You are right. The general audience does not discuss animated films in terms of whether they are 2d or 3d. However, for the general audience, traditional 2d is the equivalent of black and white or silent cinema.

There are great films without color or sound and in theory one could make another great film without color or sound. But for the general audience, sound and color represent more sensory information for their money. Once they saw technicolor and heard voices coming from the screen, they never really went back.

I think CGI/3d/Digital represents a similar bump up in visual information on the screen. Once the audience got a taste of it, they saw 2d animation as passe and not worthy of the big screen.

Tangled is the 2d aesthetic done even better in 3d. Final nail in the coffin.

Cody S. said...

The 2D/3D and Color/B&W/Sound analogy almost fits - but I hardly think it's as clear cut as that. How do you explain stop-motion continually popping up? Corpse Bride and Wallace and Gromit didn't necessarily light up the box office, Coraline did, but then Fantastic Mr. Fox didn't; and there are still more in that medium heading down the pipe.

I don't think, from a mainstream perspective, the medium matters as much as does the freshness of how it looks and how interesting the story is.

But it's all hyperbole anyway.
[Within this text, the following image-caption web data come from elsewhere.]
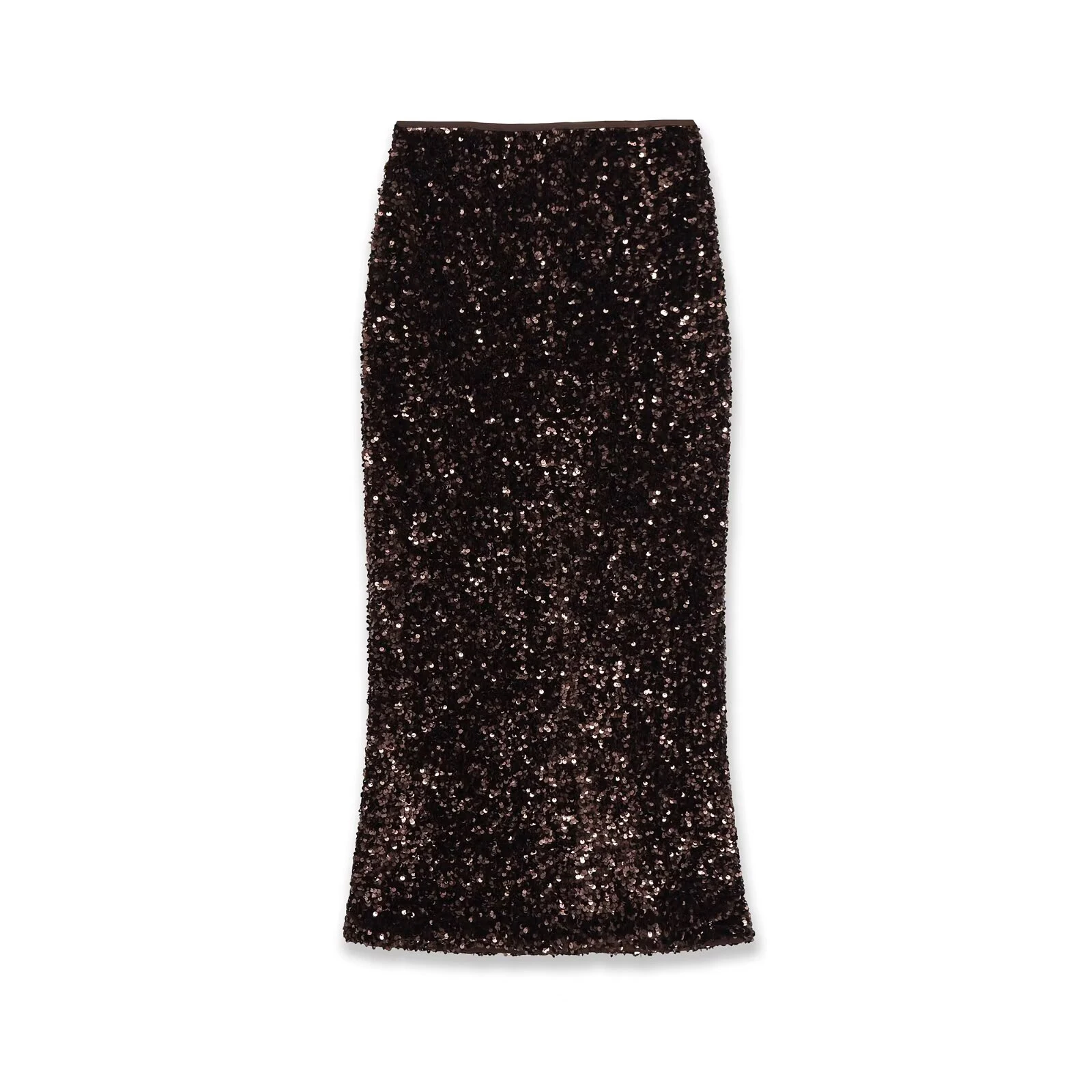 กระโปรงตกแต่งมุกทรงเอวสูง ดีไซน์ใหม่ปี 2026 สไตล์ยุโรปและอเมริกา สำหรับผู้หญิง แฟชั่นทันสมัยและใช้งานได้หลากหลาย ช่วยให้ดูผอมเพรียว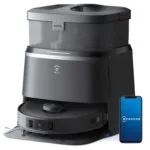 Aspirateur robot laveur Ecovacs Deebot T30 Omni.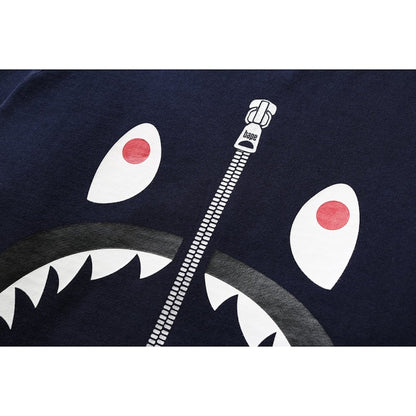 BAPE Shark Crewneck Navy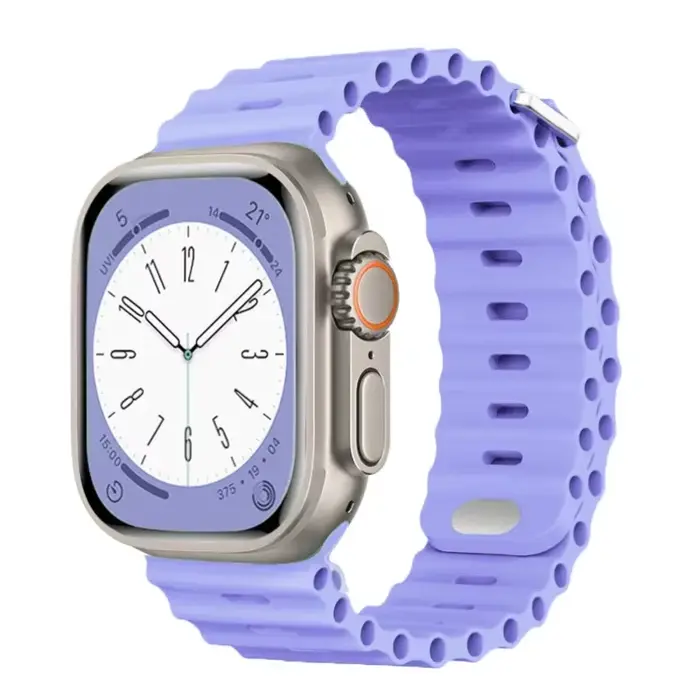 Bracelet en silicone pour Apple Watch Ultra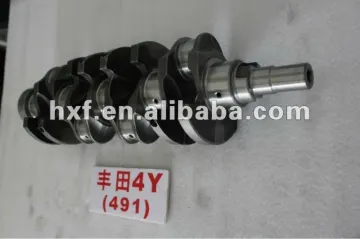 crankshaft 491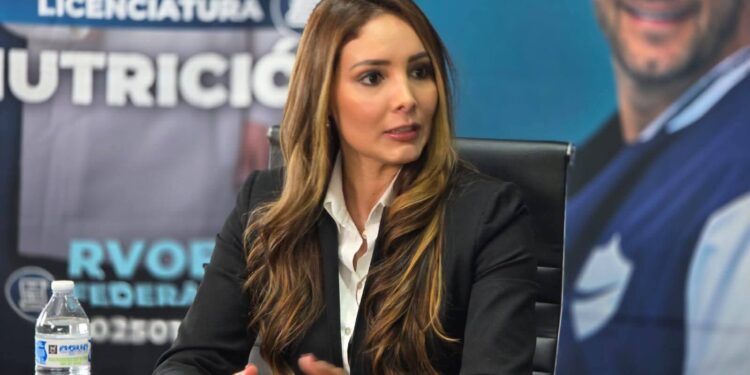 La Revolución del Deporte y la Salud, con la Rectora de CDEFIS, Samantha Ayala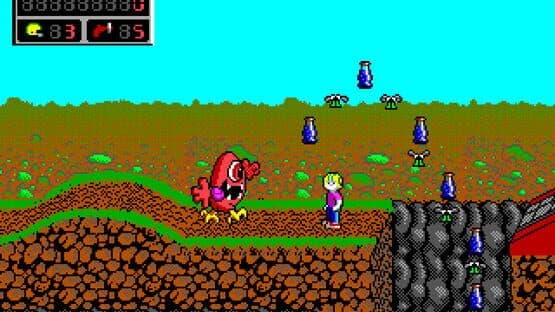 Commander Keen in Aliens Ate My Baby Sitter! — screenshot 6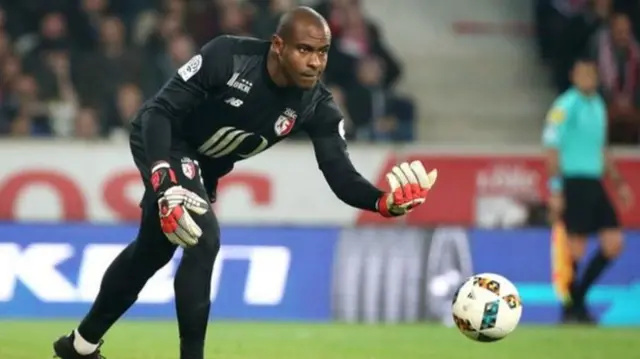 Former Nigeria goalkeeper and captain Vincent Enyeama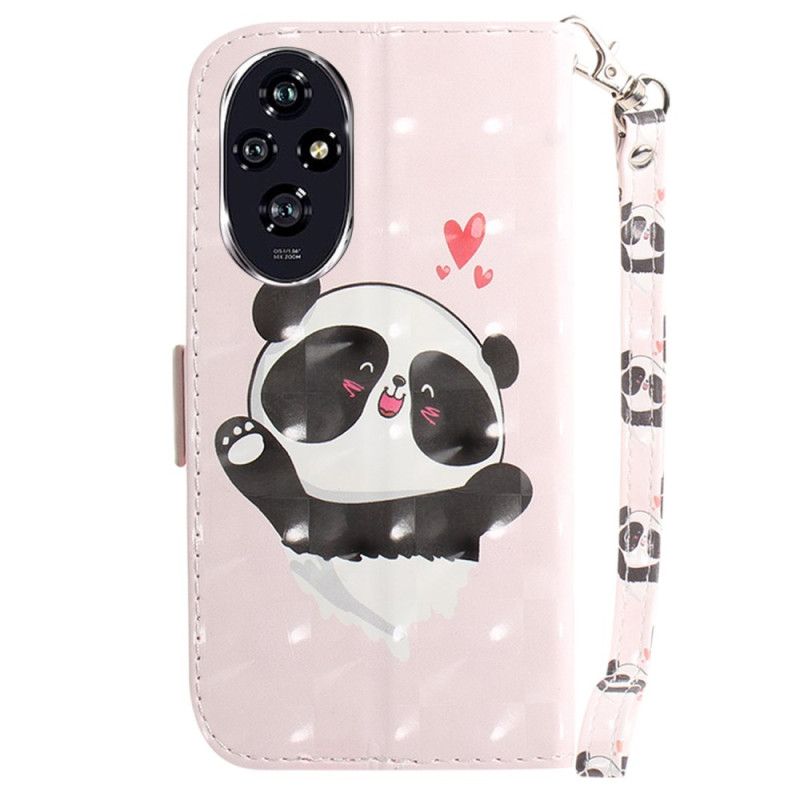 Housse Honor 200 Panda Love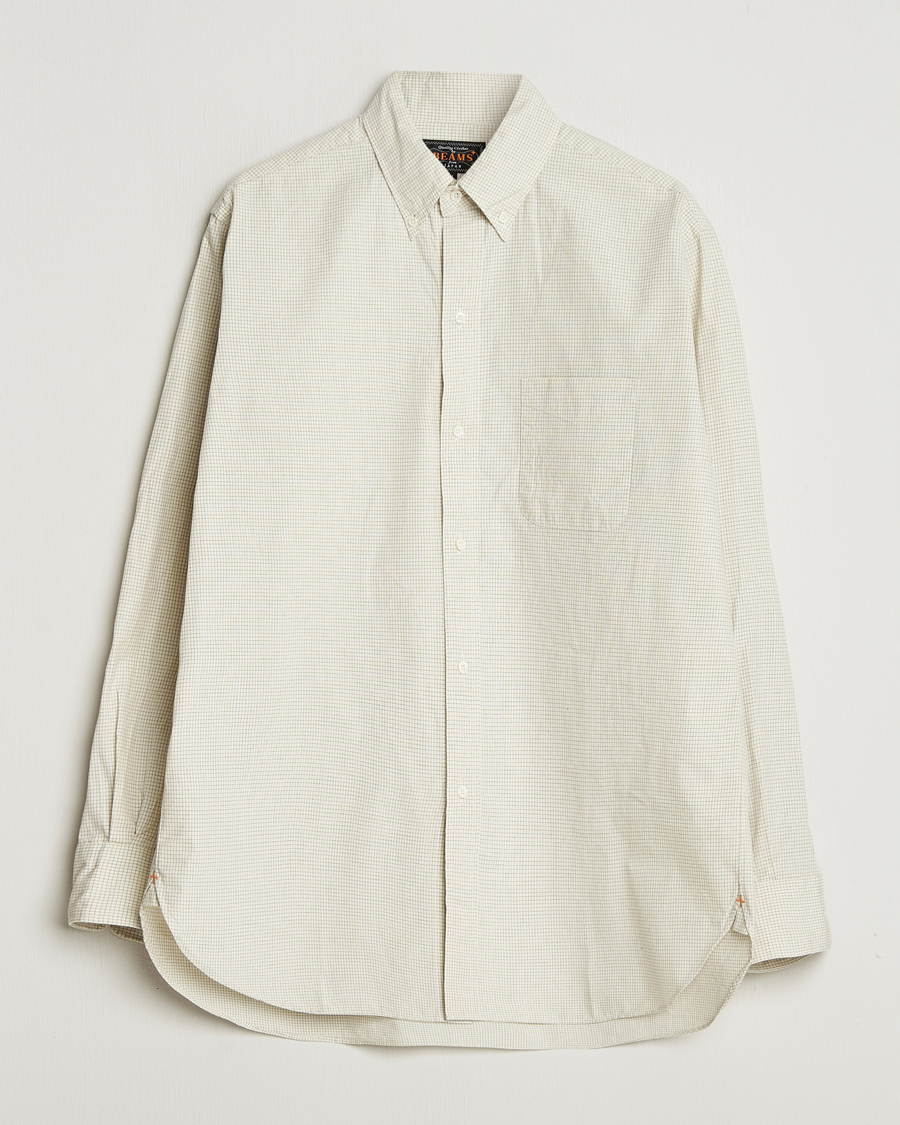 Herren | Hemden | BEAMS PLUS | Button Down Shirt White Plaid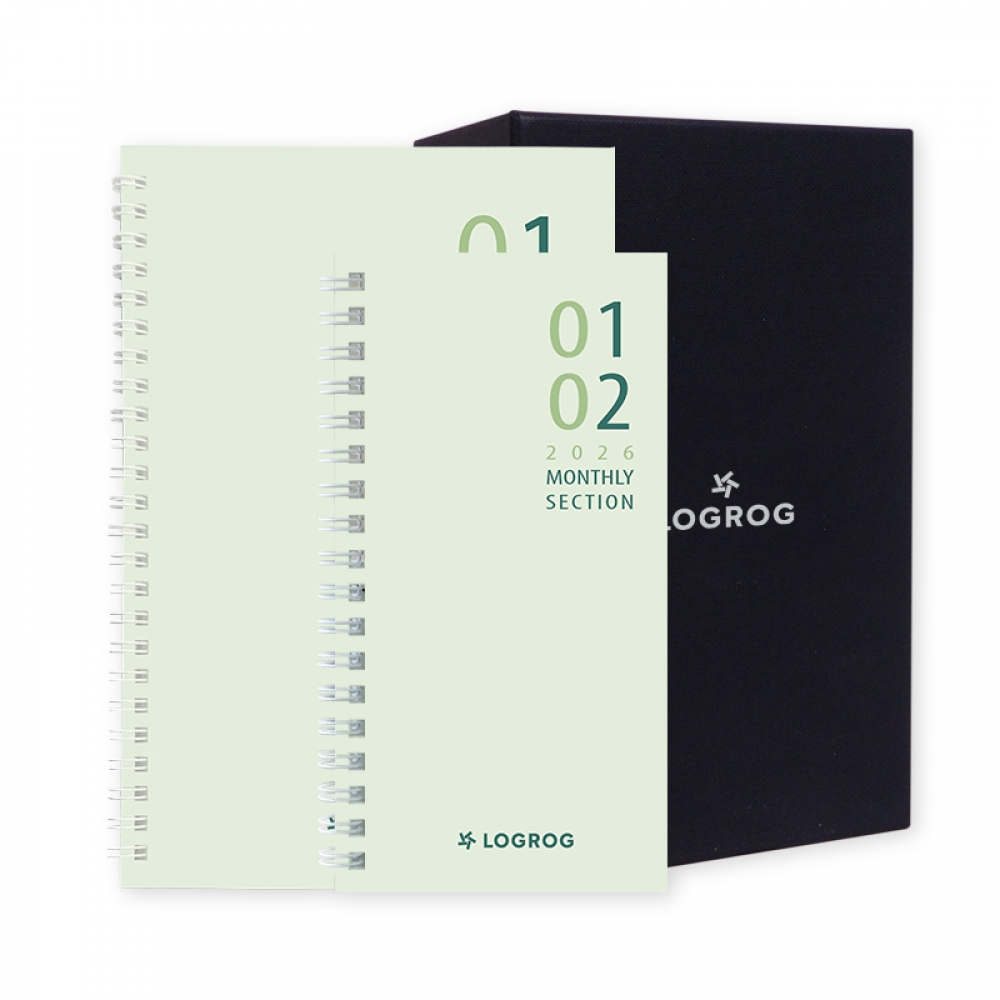 26년 오리지널 1D2P 리필 속지 - 1월 CEOTW CLTW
Folks will always think what they're going to think, and even if a 2D flick is a 'success' there will be folks on both sides of the fence yelling at the other.

Anonymous said...

I wasn't suggesting 2d would completely go away. But I do think it will only exist for the mainstream as an occasionally seen novelty format - very much like stop motion.

Remember Schindler's List was in black and white and still attracted a mainstream audience. But this didn't send hundreds of studios scrambling to put B/W film into production.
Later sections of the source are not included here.